Your whole answer should be the number of lines in the material below that include the word "with".

═══ Provided records

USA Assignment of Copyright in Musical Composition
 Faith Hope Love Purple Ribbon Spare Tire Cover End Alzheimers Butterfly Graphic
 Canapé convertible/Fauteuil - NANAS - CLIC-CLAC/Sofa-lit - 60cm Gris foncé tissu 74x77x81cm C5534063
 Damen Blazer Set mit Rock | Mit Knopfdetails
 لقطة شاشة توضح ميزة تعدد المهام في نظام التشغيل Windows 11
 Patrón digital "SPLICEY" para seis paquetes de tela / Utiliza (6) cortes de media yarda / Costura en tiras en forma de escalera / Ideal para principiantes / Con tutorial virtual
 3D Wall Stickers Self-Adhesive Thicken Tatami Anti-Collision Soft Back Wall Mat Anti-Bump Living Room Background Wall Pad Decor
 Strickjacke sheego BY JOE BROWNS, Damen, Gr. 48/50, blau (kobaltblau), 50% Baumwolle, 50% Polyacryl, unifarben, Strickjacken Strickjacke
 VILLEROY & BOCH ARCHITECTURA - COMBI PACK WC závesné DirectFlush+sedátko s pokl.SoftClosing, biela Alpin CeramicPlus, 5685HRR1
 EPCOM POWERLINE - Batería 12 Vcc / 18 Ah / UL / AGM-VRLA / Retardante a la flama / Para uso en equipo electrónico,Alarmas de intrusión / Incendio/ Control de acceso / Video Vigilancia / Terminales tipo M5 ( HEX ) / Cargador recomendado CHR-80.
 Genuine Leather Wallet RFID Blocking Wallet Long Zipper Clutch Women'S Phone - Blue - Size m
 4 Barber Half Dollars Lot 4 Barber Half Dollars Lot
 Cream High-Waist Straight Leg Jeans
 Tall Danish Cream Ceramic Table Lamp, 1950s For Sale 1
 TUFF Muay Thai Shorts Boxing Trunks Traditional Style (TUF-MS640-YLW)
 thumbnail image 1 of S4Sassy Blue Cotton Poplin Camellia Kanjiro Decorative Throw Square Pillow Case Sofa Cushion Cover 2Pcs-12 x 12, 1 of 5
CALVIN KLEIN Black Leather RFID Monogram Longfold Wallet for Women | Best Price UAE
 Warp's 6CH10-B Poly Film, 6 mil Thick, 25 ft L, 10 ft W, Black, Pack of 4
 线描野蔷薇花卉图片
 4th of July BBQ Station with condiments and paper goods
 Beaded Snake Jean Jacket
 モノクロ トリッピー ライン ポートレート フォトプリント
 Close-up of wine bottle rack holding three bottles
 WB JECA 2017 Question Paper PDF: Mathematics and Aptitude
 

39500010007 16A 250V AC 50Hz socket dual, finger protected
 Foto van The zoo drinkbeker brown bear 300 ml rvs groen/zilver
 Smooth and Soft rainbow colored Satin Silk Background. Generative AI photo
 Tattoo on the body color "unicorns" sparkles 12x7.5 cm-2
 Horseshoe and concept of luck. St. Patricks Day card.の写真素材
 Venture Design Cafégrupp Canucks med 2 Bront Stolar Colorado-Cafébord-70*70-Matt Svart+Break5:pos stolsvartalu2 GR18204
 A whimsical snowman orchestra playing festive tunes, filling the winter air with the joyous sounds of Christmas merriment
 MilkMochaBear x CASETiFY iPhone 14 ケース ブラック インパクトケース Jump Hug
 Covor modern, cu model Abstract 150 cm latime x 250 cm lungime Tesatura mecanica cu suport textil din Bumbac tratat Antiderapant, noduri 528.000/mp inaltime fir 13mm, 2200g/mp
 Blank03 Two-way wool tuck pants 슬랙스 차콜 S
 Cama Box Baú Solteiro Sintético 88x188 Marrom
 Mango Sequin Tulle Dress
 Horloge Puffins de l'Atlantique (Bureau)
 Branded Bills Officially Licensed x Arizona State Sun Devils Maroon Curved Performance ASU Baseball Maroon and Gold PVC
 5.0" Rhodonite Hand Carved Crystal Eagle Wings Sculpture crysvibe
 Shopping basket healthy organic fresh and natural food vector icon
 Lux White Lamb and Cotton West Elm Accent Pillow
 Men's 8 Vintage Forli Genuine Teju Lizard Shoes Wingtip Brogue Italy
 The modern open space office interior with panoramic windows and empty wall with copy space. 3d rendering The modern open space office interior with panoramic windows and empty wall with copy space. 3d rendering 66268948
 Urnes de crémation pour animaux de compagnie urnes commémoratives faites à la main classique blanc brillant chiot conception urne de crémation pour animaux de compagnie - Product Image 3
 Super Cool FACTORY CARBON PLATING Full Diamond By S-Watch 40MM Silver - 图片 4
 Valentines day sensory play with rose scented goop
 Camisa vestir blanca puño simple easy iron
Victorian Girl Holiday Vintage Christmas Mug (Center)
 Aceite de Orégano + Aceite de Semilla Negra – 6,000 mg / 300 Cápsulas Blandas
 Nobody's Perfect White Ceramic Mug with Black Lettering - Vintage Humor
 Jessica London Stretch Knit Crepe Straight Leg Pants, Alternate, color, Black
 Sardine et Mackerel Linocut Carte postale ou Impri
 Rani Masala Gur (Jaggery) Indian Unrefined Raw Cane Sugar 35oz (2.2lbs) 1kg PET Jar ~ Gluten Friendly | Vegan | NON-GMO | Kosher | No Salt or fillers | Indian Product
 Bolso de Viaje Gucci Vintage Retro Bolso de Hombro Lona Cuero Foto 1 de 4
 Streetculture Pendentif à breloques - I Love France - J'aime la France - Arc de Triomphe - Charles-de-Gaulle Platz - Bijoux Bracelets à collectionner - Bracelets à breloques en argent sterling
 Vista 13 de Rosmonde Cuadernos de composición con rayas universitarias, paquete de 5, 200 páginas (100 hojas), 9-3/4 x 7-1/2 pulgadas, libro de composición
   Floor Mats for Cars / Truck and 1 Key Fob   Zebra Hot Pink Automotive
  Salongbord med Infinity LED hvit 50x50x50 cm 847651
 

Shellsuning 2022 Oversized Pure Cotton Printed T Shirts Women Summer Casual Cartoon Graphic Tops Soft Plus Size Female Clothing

══════

### Result
5